Materials and Methods: Advanced literature research was conducted in the online PubMed database using the keywords 'bone mineral density, 'spinal cord injury, 'skeletal fragility', and 'osteoporotic fractures'. Out of the initial 430 articles, duplicates were removed and the remaining studies were assessed for eligibility. Two reviewers independently extracted data from each study and assessed variable reporting of outcome data. The exclusion criteria were: studies not measuring bone mineral density (BMD), studies comparing SCI to other diseases, animal studies, molecular studies, studies including children, and studies not written in English. The 83 remaining papers were divided into studies focusing on treatment and studies investigating LBM in SCI. Following this step, studies with small patient samples set at 20 patients with SCI for the treatment group and 30 patients for the diagnosis of the LBM group, were also excluded.

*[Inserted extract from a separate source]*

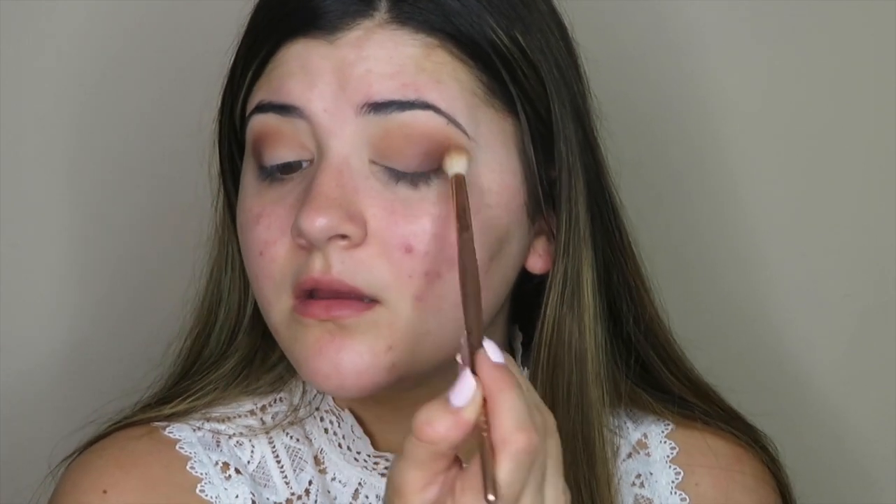Now I'm going to go in with a more precise brush — also Morphe, it came in a set. I'm going to be using this shade right here which is Fireside. These are so pigmented that I'm just going to be stamping this in the very outer corner of my eye. Then I'm going to be going back in with the first fluffy brush we used, without any more product on it — just using what's left over — and running across the edges just to make sure everything is soft and blended with no harsh lines.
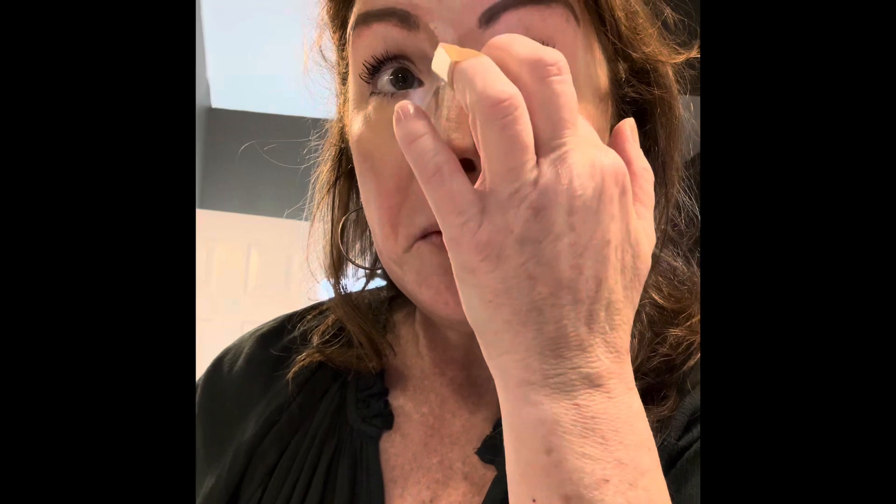Next, I'm going to go in with my brightening highlight, and this is in Moonlit — that's the name of the color. So I take it, sometimes I'll put it on with an applicator, do it down my nose with my kind of area, that way I don't have a giant middle streak down my face. I'm going to fill it right there and down here.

Results: In the remaining 32 studies, 18 focused on the diagnosis of LBM in SCI and 14 focused on the various treatment options to address this phenomenon. Most of these studies (n=13) used the dual-energy X-ray absorptiometry (DXA) method to evaluate bone mass while five studies preferred quantitative computed tomography (QCT) measurements and one evaluated LBM using calcaneal qualitative ultrasound. In the treatment group of studies, seven papers administered medication to address LBM and four clinical protocols used physiotherapy methods to reduce bone loss post-SCI while three studies combined medical treatment with physiotherapy.
Conclusion: The unawareness of the unique mechanism through which bone is rapidly lost in the first months post-SCI led to initial scientific confusion. In this review, we summarize information to increase physicians’ awareness of the dangers of ‘silent’ osteoporosis progression post-SCI. We have also provided information on the best timing to evaluate bone loss as well as treatment options that could prevent fragility fractures in this population.
Spinal cord injury (SCI) causes rapid osteoporosis in a multi-factorial manner through post-injury mechanical disability, neurologic and circulatory dysfunction, and hormonal changes [1,2]. In the first six months post-SCI, bone loss can be as high as 40%. This is especially true for the trabecular bone of lower limbs, making SCI patients susceptible to fractures around the knee joint [3,4]. Unfortunately, these fractures can have devastating consequences such as delayed union or nonunion, autonomic dysreflexia, pressure ulcers, cellulitis, skin breakdown, osteomyelitis or even lower limb amputation which further deteriorate functional impairment and hinder rehabilitation [5-7]. Taking into consideration that bone accumulation is reaching maximum levels at the age of late 20s to early 30s, these injuries, which have been documented to affect primarily young males, come as a shockwave to seize this process and accelerate bone loss [8-10]. With novel technologies and the creation of trauma centers and trauma protocols, specialized teams have managed to salvage many patients with SCI in the recent decade. Nonetheless, patients’ life expectancy and quality of life (QoL) depend on the level of injury and preserved function [11,12]. Part of this QoL is bone health which is sometimes overlooked due to the 'silent' progression of osteoporosis until the emergence of the evident pathologic fracture. As far as clinical practice is concerned, Morse et al. identified diversity in both diagnostic and treatment protocols used to address post-SCI osteoporosis [13]. This literature review focused on the early diagnosis of low bone mass (LBM) in SCI patients and aimed to summarize all the available recent data on the diagnosis and treatment of osteoporosis in this unique patient population.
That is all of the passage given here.